A friend (who is a bit sad) has spent ages on spreadsheets, calculating the cost of ownership for his (and other people's) cars and it's amazing how close it can be in terms of the overall cost over a given period. Some of the older cars he has owned, although cheap to buy, have cost the most overall. Currently he leases a Skoda Octavia. It isn't exciting by any stretch of the imagination, but the deposit was about £500 and it's just under £150 per month for two years. There will be no surprise repair bills, as it's all covered by the warranty. He will just have to pay for one minor service. It's fixed cost motoring and, for a lot of people, it's a very convenient way to do it and worth the extra expense for peace of mind. Every two years, he simply picks the car that suits him best that's on the best special offer and repeats. I would also say, if you're going PCP, only do it on a car that will have warranty for the length of time you plan to own it. Again, it reduces the risk. I cringe when I see people taking out finance on 5+ year old cars with high miles. If it goes wrong, you could lose a lot of money, very quickly. I remember a friend financing a Focus TDCI Sport (several years ago obviously!). The warranty ran out, then the car did it's fuel pump and injectors. It cost £2500 to put it right. He ended up keeping it for years because it had cost him so much. That wouldn't happen on a new/nearly new car with a warranty.

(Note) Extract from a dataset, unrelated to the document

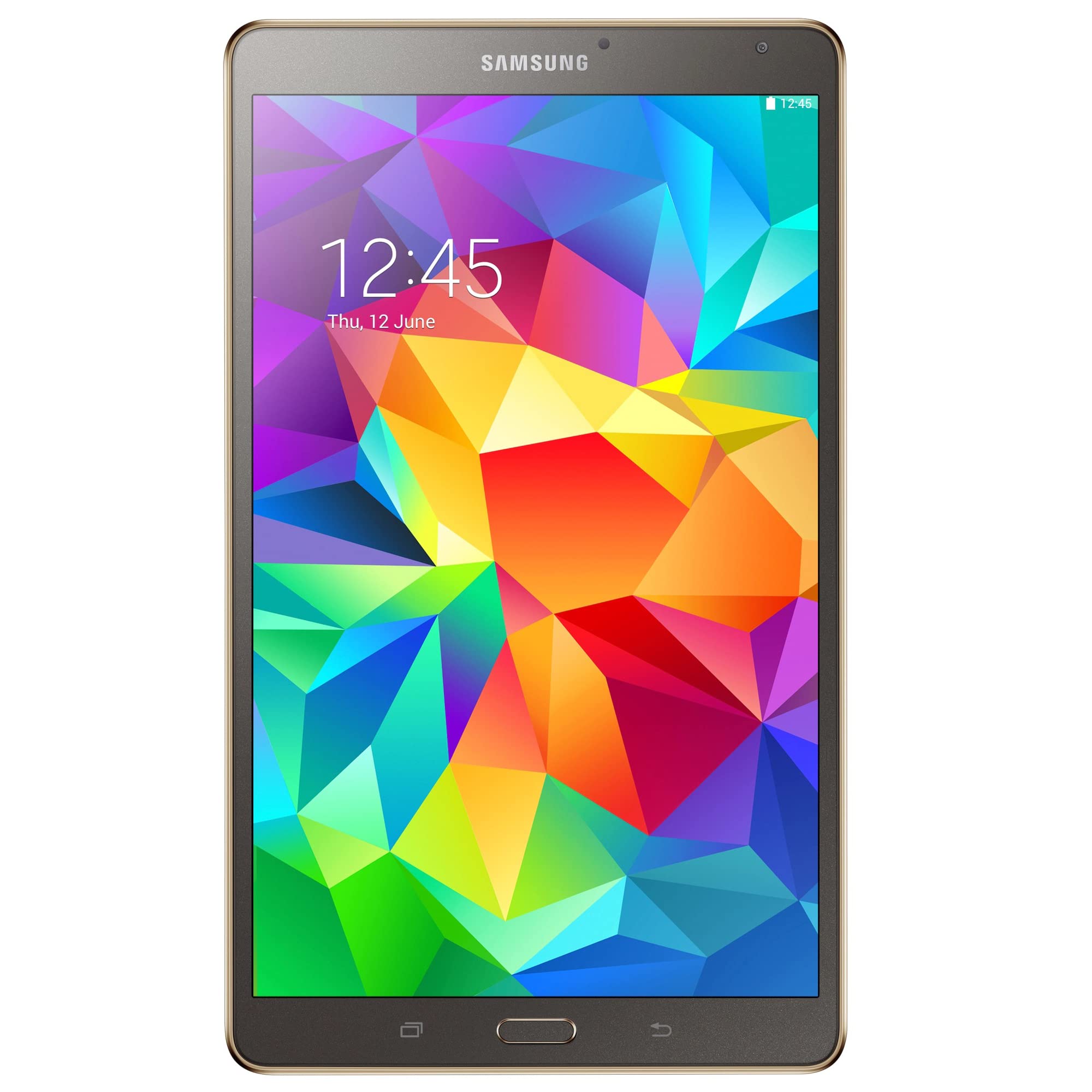 Mua Samsung Galaxy Tab S 8.4-Inch Tablet (16 GB) (Titanium Gold ...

It's also worth noting that you often get better interest rates on new cars instead of used ones. I was looking at a Focus ST a couple of years ago. A new one, with some discount, worked out cheaper than buying one that was six months old because the interest on the PCP was c.3%, rather than c.14% on the used one. A personal loan is often a better solution if you're buying used. The interest rate will typically be lower and you will own the car outright. You will have to borrow the whole amount of course though, as the PCP will have a balloon payment that pushes the monthly cost down. You could always take the loan out over a longer period than you intend to keep the car though. Then pay it off when you come to sell.

Ultimately, buying any car comes with a certain amount of risk and cost. What works for one person won't necessarily work for another.